Now in Python, my primary use is prototyping, scripting, always changing the code, maybe invalidating the cache. I’m wondering how benchmarks are tested? Will it slow down the first run as compared to the interpreter. I think this is something to consider
20% is a phenomenal geo mean, not to mention the individual speedups. But once this 20% goal is reached, are there plans to increase it even more, or will it just be occasional improvements where possible?
Also, will there be a tier 3 JIT which will benefit frequently executed code more?
I’m not sure if the llvm requirement is a barrier to linux distro enabling of python JIT.
LLVM more generally, or LLVM 21 specifically?
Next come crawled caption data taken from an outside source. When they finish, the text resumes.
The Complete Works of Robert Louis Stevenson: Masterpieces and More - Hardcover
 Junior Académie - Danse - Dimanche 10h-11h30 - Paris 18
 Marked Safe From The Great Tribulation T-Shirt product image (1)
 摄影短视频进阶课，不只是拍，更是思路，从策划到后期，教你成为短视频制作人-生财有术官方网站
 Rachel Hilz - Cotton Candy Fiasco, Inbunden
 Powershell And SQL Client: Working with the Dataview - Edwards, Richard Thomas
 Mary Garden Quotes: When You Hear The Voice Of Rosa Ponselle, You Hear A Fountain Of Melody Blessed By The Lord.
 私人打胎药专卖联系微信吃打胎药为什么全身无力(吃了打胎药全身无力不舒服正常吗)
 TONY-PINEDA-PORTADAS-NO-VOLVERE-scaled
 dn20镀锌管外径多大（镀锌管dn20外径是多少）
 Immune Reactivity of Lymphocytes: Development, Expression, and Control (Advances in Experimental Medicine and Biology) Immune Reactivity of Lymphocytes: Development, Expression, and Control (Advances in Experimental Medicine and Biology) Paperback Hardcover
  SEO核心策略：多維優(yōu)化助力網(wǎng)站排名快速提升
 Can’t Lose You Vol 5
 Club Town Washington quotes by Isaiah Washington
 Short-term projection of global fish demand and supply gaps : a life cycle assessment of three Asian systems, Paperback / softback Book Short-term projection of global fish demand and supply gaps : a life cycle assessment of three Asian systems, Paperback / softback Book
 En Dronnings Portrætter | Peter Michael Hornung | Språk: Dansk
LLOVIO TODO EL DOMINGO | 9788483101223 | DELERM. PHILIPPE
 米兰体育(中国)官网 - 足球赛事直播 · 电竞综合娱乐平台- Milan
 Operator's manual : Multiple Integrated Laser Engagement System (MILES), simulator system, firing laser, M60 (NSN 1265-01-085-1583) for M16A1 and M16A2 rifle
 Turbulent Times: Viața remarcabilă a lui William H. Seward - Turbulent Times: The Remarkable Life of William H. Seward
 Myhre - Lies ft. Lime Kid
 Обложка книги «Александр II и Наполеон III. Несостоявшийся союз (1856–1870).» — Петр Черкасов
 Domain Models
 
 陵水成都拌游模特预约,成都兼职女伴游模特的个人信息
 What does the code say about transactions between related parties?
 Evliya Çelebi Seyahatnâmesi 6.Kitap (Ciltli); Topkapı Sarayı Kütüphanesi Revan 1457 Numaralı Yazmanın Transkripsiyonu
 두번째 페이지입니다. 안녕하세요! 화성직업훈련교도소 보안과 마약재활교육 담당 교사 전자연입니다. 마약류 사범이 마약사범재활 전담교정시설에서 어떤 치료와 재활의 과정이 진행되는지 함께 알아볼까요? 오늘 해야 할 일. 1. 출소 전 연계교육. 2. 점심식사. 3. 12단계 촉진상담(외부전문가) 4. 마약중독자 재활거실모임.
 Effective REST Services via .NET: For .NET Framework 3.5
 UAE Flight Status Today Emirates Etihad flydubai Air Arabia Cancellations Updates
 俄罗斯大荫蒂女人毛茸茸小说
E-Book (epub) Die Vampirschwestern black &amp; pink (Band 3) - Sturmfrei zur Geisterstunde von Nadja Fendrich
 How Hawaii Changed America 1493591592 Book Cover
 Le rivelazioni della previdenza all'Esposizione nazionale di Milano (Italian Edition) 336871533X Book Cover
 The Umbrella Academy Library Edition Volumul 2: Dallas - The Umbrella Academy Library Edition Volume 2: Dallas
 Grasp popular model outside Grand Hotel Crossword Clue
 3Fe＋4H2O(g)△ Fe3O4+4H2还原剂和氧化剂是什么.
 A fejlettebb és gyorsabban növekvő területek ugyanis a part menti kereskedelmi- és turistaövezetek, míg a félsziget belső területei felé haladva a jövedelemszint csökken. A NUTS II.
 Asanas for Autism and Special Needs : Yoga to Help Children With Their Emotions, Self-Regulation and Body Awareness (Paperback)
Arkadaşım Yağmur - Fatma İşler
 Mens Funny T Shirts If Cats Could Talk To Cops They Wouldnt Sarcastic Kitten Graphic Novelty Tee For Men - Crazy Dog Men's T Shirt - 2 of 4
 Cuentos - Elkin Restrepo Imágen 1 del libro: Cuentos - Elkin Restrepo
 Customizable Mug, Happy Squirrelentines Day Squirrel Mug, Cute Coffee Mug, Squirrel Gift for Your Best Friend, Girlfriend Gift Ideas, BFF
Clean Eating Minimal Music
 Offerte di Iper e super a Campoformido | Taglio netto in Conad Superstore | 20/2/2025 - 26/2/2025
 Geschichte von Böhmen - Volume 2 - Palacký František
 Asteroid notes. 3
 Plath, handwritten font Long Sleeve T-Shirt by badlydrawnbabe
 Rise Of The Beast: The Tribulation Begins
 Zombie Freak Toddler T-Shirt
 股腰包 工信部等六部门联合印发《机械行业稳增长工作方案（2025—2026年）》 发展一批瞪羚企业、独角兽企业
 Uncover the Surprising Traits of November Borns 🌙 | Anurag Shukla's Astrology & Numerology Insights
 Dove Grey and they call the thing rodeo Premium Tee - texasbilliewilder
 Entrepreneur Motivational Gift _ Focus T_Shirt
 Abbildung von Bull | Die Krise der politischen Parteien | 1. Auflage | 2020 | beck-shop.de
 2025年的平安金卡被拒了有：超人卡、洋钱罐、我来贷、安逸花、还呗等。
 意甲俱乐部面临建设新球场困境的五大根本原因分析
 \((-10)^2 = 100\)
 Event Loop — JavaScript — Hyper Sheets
There’s already llvm-21 packages in Ubuntu 26.04 LTS and Debian stable backports right now, though that’s just a couple of examples they’re at least some of the more conservative server distributions.
I think the plan is to make “the JIT go brrr” as much as possible (just like Python perf in general), so any target discussed here are minimum targets in order to keep the JIT in CPython, not a stopping point.
LLVM in general was what I was thinking.
I’m wondering about Fedora in particular.
They have llvm 21 as well, but I’m not sure if they want to build python with it.
I’m packaging CPython for Gentoo. We have optional JIT builds since 3.13.
My early experience with JIT (somewhere early in 3.13) was that it broke too much, so I’ve switched back to non-JIT on my system and forgot about it.
A few months ago I’ve tried again, with 3.14. I haven’t seen any problems that would be clearly related to JIT, and I’ve been using the JIT builds since. I’m maintaining most of the Python packages in Gentoo, so I’m running lots of test suites, and I found JIT builds to be stable. That said, I haven’t done any performance comparisons, so I can’t really talk about that.
I’ve also tried building 3.15 with JIT enabled, but the build failed due to assertions in bootstrap Python:
(I’m sorry, I haven’t found time to report it properly.)
That said, the LLVM requirement itself is not that much of a problem for us (given a lot of software depends on LLVM these days), but pinning to a single LLVM version is. I mean, it practically means that anyone using Python 3.14 is stuck with LLVM 19 (which went EOL 1.5 year ago), and for Python 3.15 they need LLVM 21 instead (which went EOL over half a year ago). And if someone needs multiple Python versions (which is expected for Python developers), they either need to go for non-JIT, or install multiple LLVM versions.